En los dos meses siguientes, las oficinas quedaron extrañamente vacías y silenciosas. La mitad de las unidades se habían incorporado al servicio activo, según el programa de reclutamiento. El programa de seis meses quedaba suspendido; ya no parecía una buena solución. En lo que se refiere a los sobornos, mi negocio había terminado. No había nada que hacer, así que me dediqué a trabajar en mi novela en la oficina. El comandante casi siempre estaba fuera, y lo mismo el sargento del ejército regular. Y con Frank en el servicio activo, estaba casi siempre solo en la oficina. Uno de esos días, vino un joven y se sentó a mi mesa. Le pregunté qué podía hacer por él. Me preguntó si le recordaba. Le recordaba vagamente. Entonces me dijo su nombre: Murray Nadelson.
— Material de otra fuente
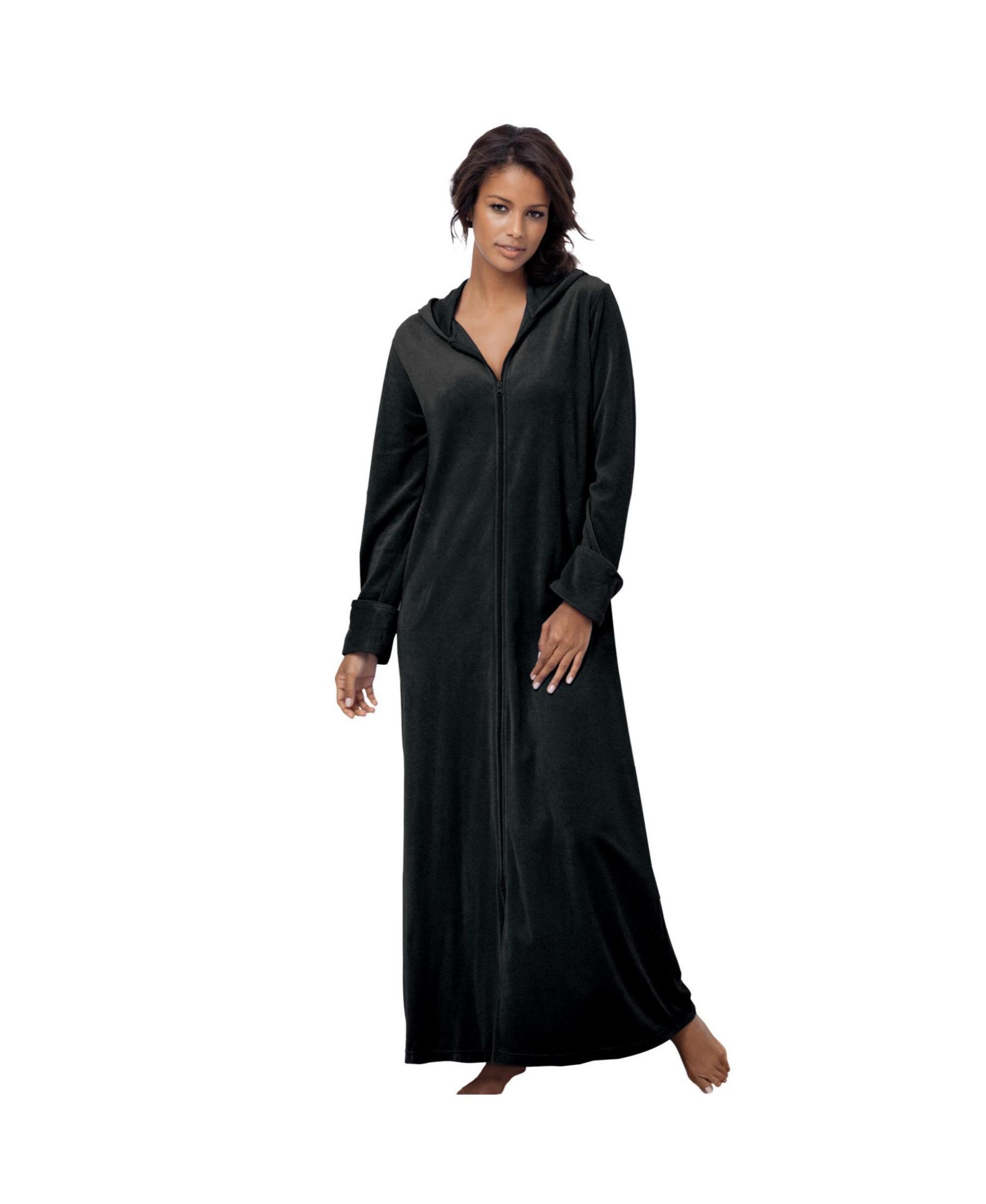 Dreams & Co. Plus Size Dreams and Co. Dreams and Co Hooded Velour Robe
– Resolviste mi caso como un favor. Mi mujer tenía cáncer.
Entonces recordé el asunto. La cosa había sucedido casi dos años atrás. Uno de mis satisfechos clientes me había preparado una entrevista con Murray Nadelson. Comimos los tres juntos. El cliente era un tipo listo que trabajaba en Wall Street. Se llamaba Buddy Stove. Una especie de supervendedor habilísimo. Él me explicó el problema: la mujer de Murray Nadelson tenía cáncer. El tratamiento era muy caro y Murray no tenía dinero para pagar su incorporación a la Reserva, tenía un miedo mortal a que le reclutaran por dos años y le mandaran fuera del país. Pregunté por qué no solicitaba una prórroga basándose en la salud de su esposa. Ya lo había intentado pero habían rechazado la solicitud.